If Legacy! Legacy! was a house, what would it look like? What is the home of this album?
I think it would be like the woman who wrote the poem that inspired the title of the album, her name is Margaret Burroughs, and she wrote a poem titled ‘What Will Your Legacy Be?’ and it’s just talking about all of these amazing historical figures that have come before you and just asking the question “What will you do? What will you add to that?” She lived in a house in Chicago, and the block where she lived has become a museum. I feel like it would look like that house. It’s wooden and it has all this history in it. There’s a bunch of art and this piano that Louis Armstrong used to play. Everything is historical, even if it doesn’t look like that. Like, “Oh! This looks like a window!” but it’s Gwendoline Brooks’s favourite window to look out of while she was writing. And so, I think it would look like that. A cosy, wooden house that’s full of a lot of history.

If your house became a museum, what would you leave out to show your history?

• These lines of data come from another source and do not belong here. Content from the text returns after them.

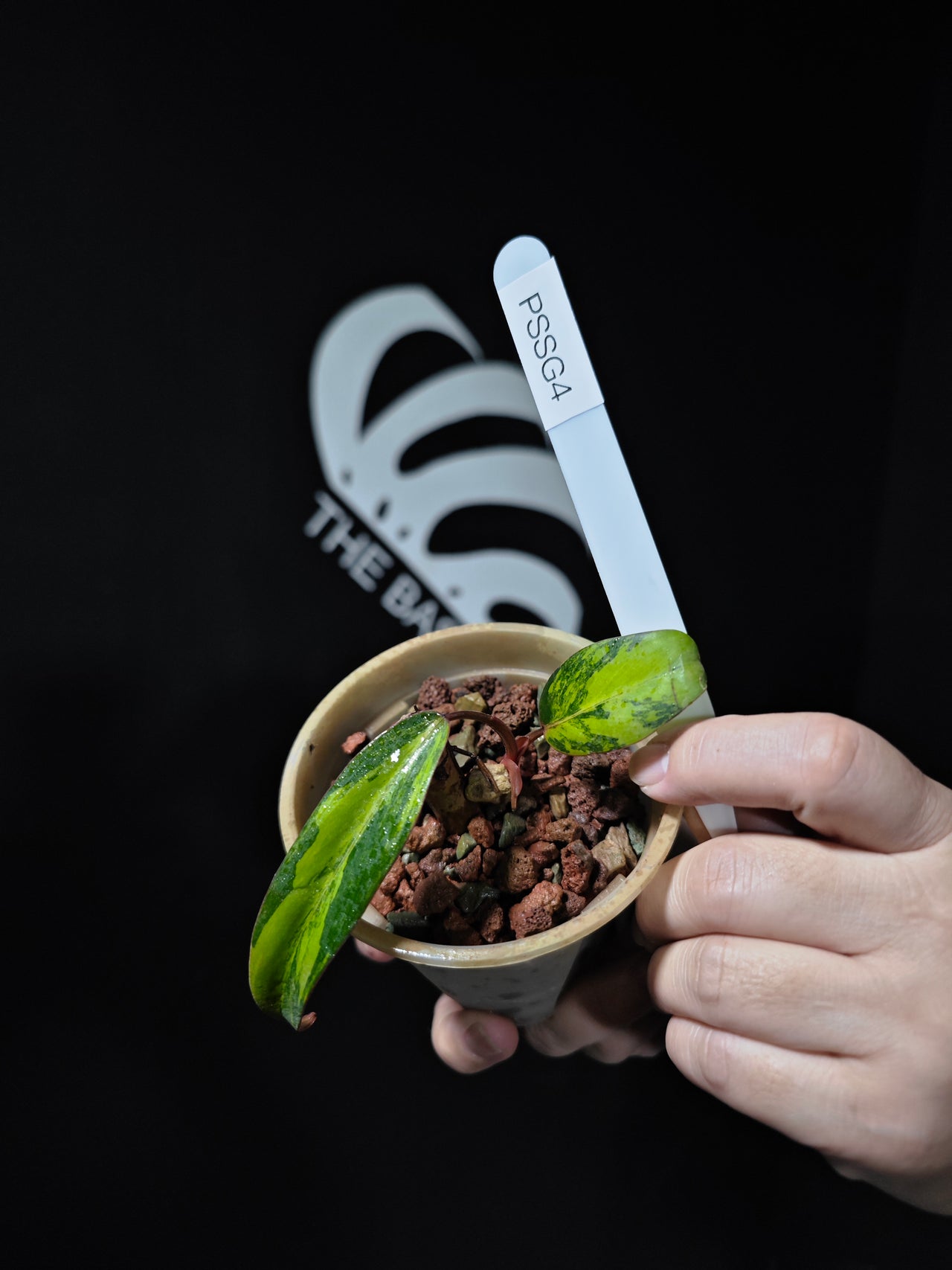 Philodendron Strawberry Shake - thebasements.us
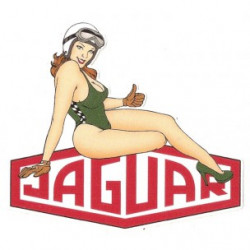 JAGUAR Pin Up Sticker droite vinyle laminé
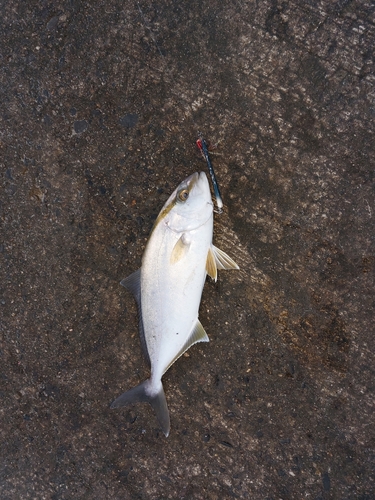 ショゴの釣果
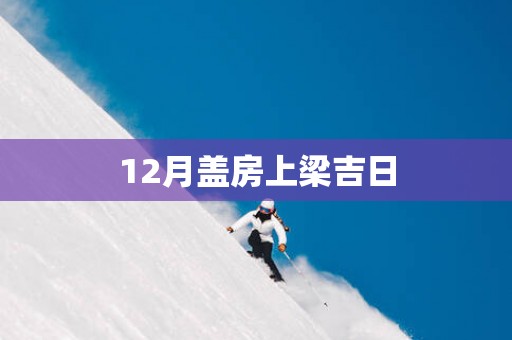 12月盖房上梁吉日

Hopefully, I’ll live longer than this moment so there are more things that I could leave out. But definitely all my hair things throughout the different phases of my hair. I have a lot of head-wraps that I used to wear when my hair was longer, and like afro picks and my brushes that I use now. There would probably be a lot of hair stuff. I just saw the Frida exhibit in Brooklyn, and they had all of her perfume and hair combs and I didn’t realise how amazing it would be to just see all that stuff. Literally just, what kind of lotion did she like? That was really cool. So a lot of shit, probably my coconut oil bottle. I have a lot of books so I want to get better at having a book collection that I’ve really read all the books in it and that there’s no book that’s bad. Every book in my book collection is amazing and worth reading. I have to do more work on that.